Di balai desa Hutan Nusantara, Kang Guru diminta menyampaikan cerita fabel. Gara-garanya, hujan turun dengan deras diiringi sambaran petir beberapa kali. Akibatnya listrik padam, balai desa gelap-gulita. Padahal, warga RH (Rukun Hewan) 01 sedang berkumpul untuk menonton sinetan (sinema hutan). Untungnya Bu Aya yang rumahnya paling dekat datang membawakan lilin, jadi balai desa sedikit terang.

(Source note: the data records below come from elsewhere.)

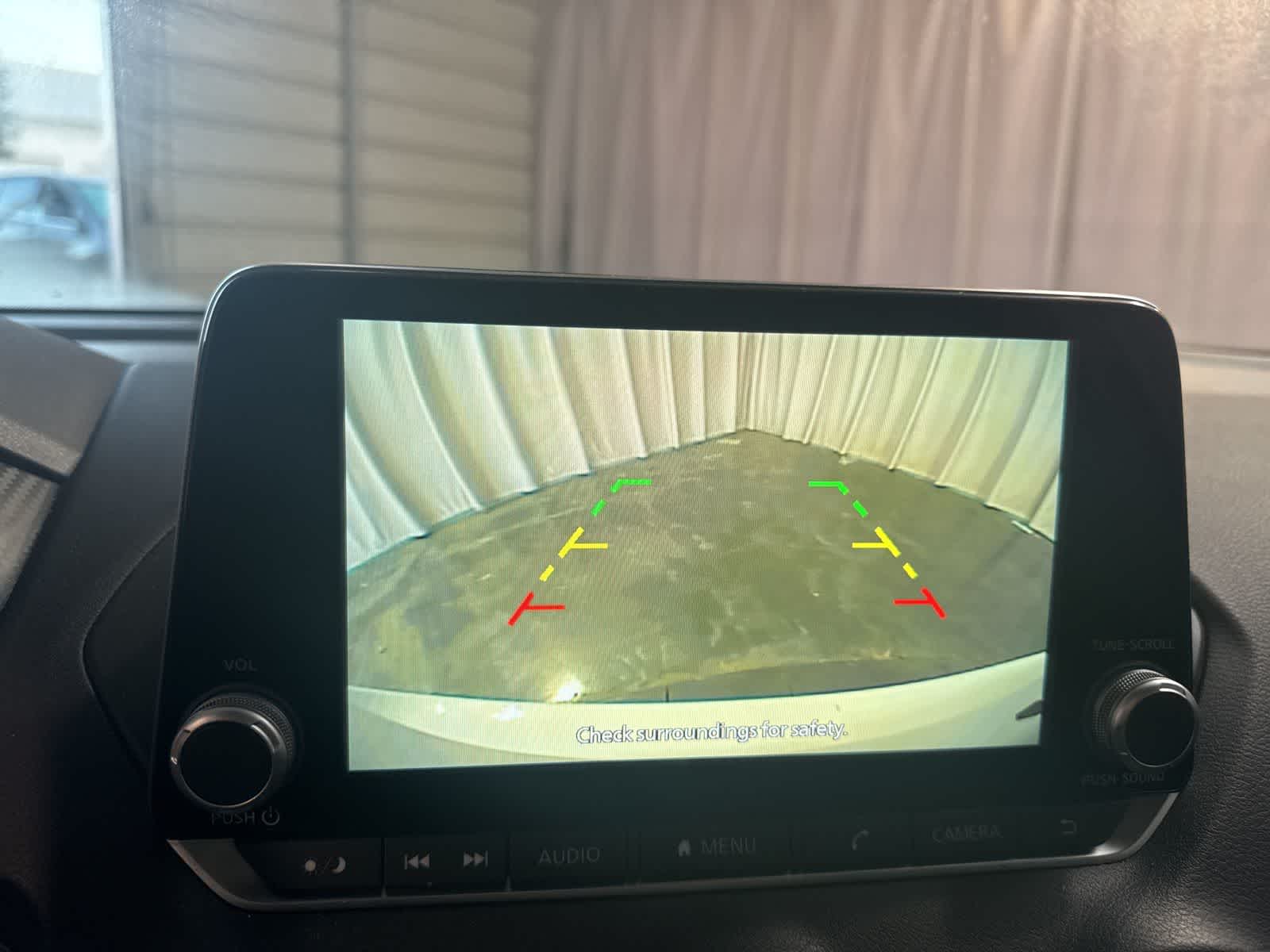 Thumbnail: 2025 Nissan Sentra - 26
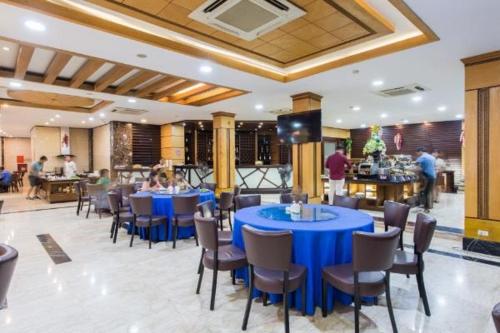 Lao Cai Star Hotel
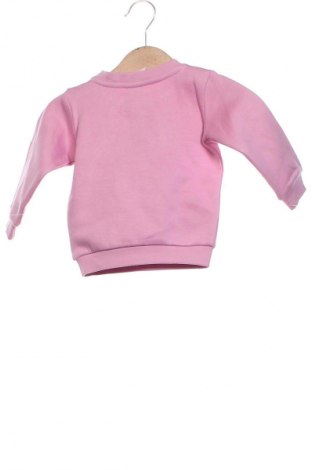 Dětská halenka  PUMA, Velikost 2-3m/ 56-62 cm, Barva Růžová, Cena  909,00 Kč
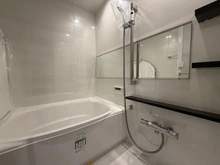 【東京都/大田区本羽田】エンゼルハイム萩中公園第2 浴室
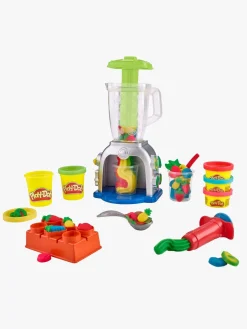 PlayDoh Play-Doh Swirlin' Smoothies Blender Legesæt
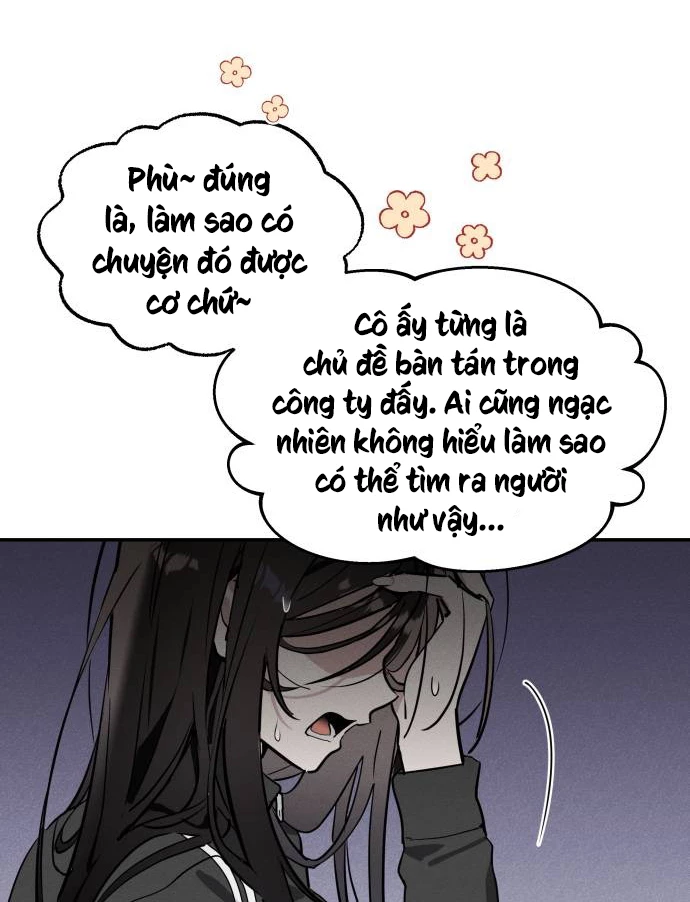 Hôm Nay Han Yoil Là Con Gái Chapter 4 - Trang 16
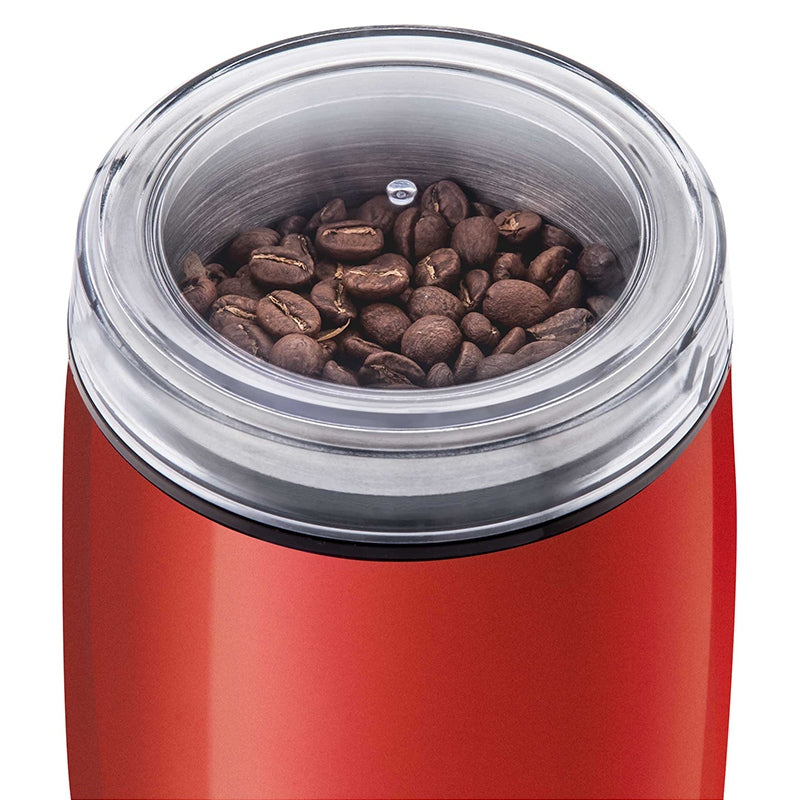 Rasnita Cafea Rosie Sencor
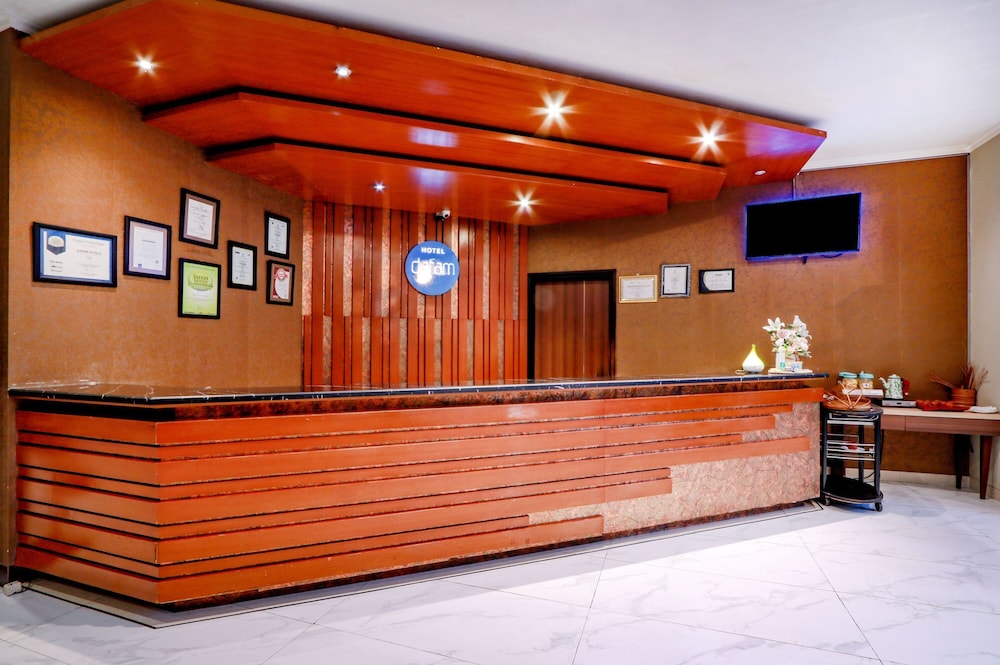 Hotel Dafam Pekalongan 15/66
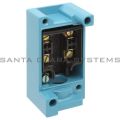 Microswitch MPB10 Receptacle Base | Honeywell Product Image
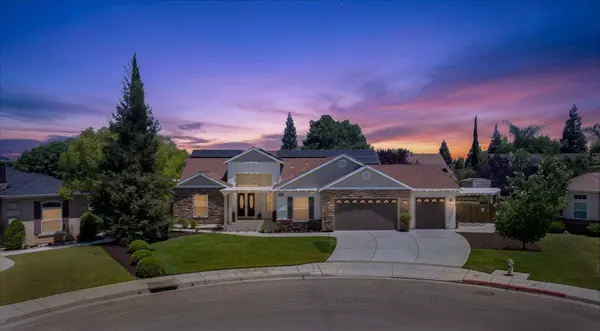 103 W Polson AVE, Clovis, CA 93612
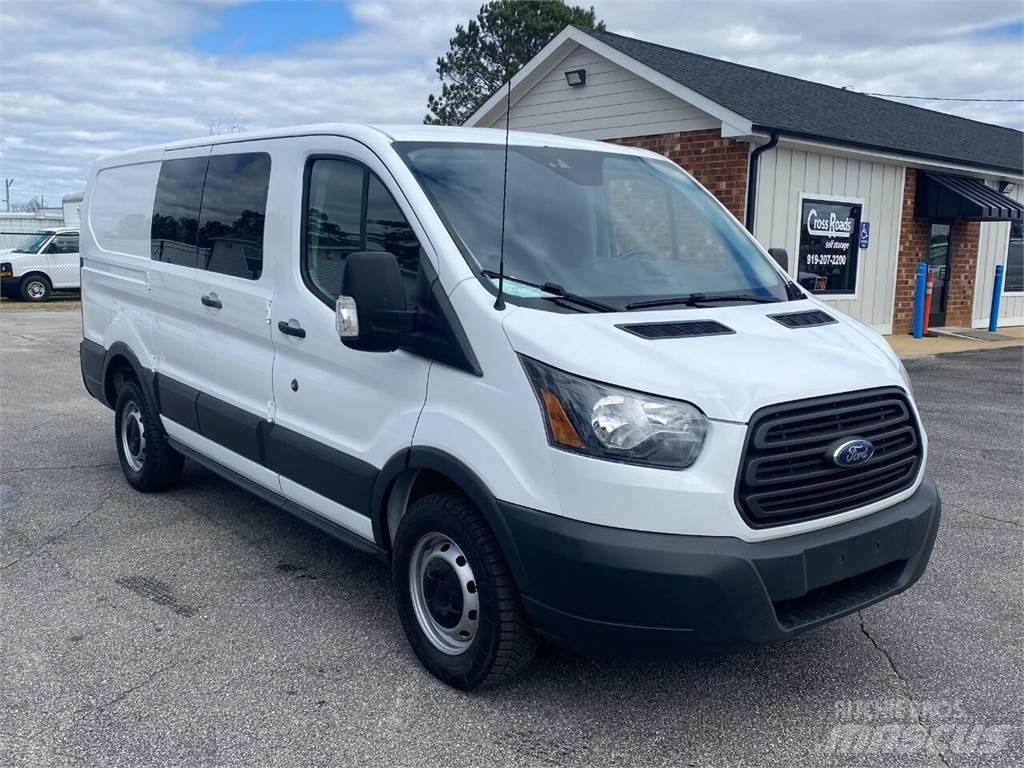 Ford Transit Maszyny budowlane - Inne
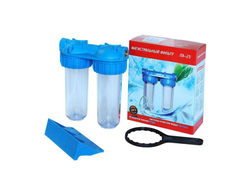 Фильтр магистрал. ITA 25-1 двойной [41504]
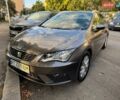 Сірий Сеат Leon, об'ємом двигуна 1.6 л та пробігом 253 тис. км за 10900 $, фото 1 на Automoto.ua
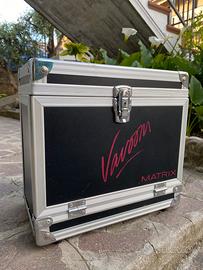 Organizer case trucco parrucchieri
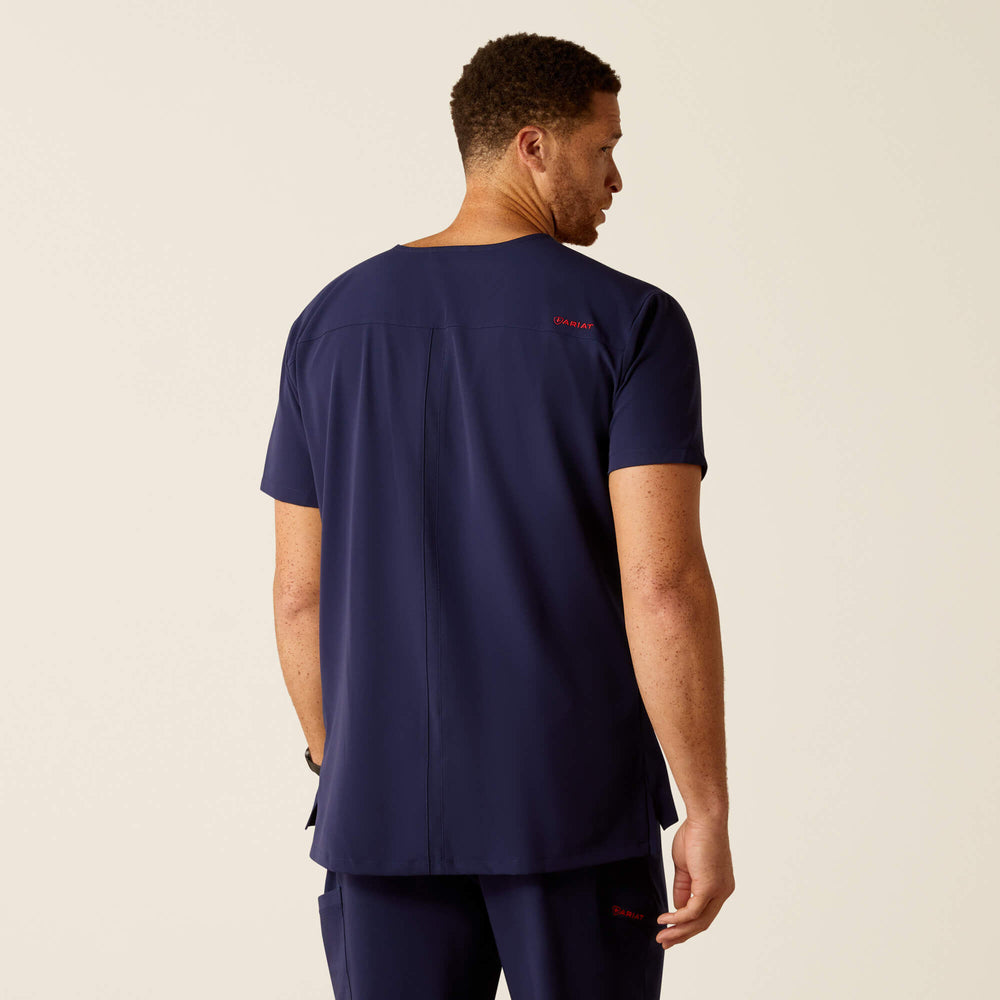 Men Whitman Scrub Top | Ariat near me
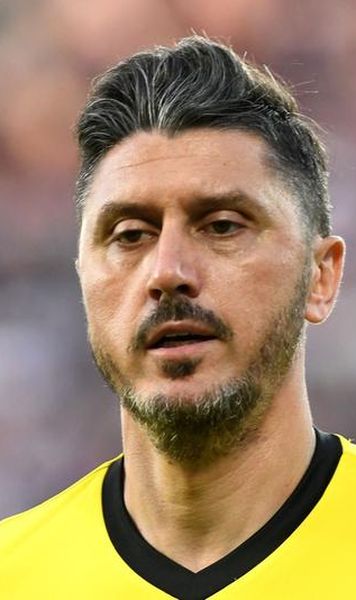 Ciprian Marica, fără permis de conducere după ce a ignorat culoarea roșie a semaforului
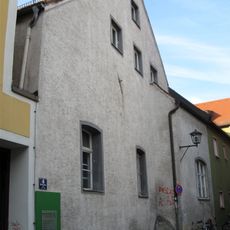 Ehemaliges Brauerhaus der Brauerei Bolland-Fuchs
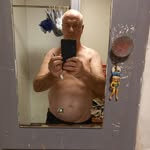 Gilbert Dale Chapman - @stephmck05 - Instagram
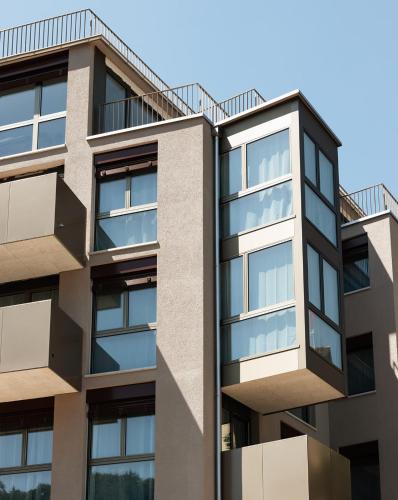 Center Apartment | Lamira Serviced Apartments Zurich City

“Ya sudah, saya akan menceritakan dongeng Si Kampret Manusia Serakah!” kata Kang Guru.
“Haiya…, kenapa cerita manusia, bukannya fabel itu cerita hewan?” Ko Ala protes.
“Itu kalau yang cerita manusia, Ko. Kita kan hewan. Cerita fabelnya hewan, ya manusia. Kalau hewan ngomongin hewan lagi itu bukan cerita fabel, namanya gosip!” kata Kang Guru.
“Terus kenapa manusia namanya si Kampret, ta yeu?” Cak Rowo ikut nimbrung.
“Dalam dongeng yang dibuat manusia, tokoh hewan suka diberi nama manusia. Misalnya, Bona, gajah kecil berbelalai panjang. Ikan badut dinamai si Nemo. Singa dikasih nama Alex…” kata Kang Guru, “Karena itu, sekarang manusianya yang dikasih nama hewan!”
“Iya, tapi kenapa Kampret, ndak Cebong saja!” kata Cak Rowo lagi.
“Kumaha sih jadi ribet begini. Ini mau dongeng, bukan mau kampanye…” kata Kang Guru. “Ya sudah, namanya si Kancil saja, biar netral!”
“Kalau dibalik, kenapa manusianya masih serakah, harusnya kan pake sifat binatang dong…” Jang Krik ikutan protes. “Cerita fabelnya manusia kan memanusiakan hewan, sifat-sifat manusia dipinjamkan kepada hewan. Kalau Kang Guru tadi balik-balikin, berarti sekarang harusnya manusianya berperilaku seperti hewan, sifat-sifatnya juga kayak hewan!”
“Oh nggak bisa kalau sifat mah. Sifat hewan ada di manusia, dan sifat manusia juga ada di hewan…” kata Kang Guru.
“Beda Kang Guru… ada sifat manusia, ada juga sifat hewan..” Jang Krik masih keukeuh.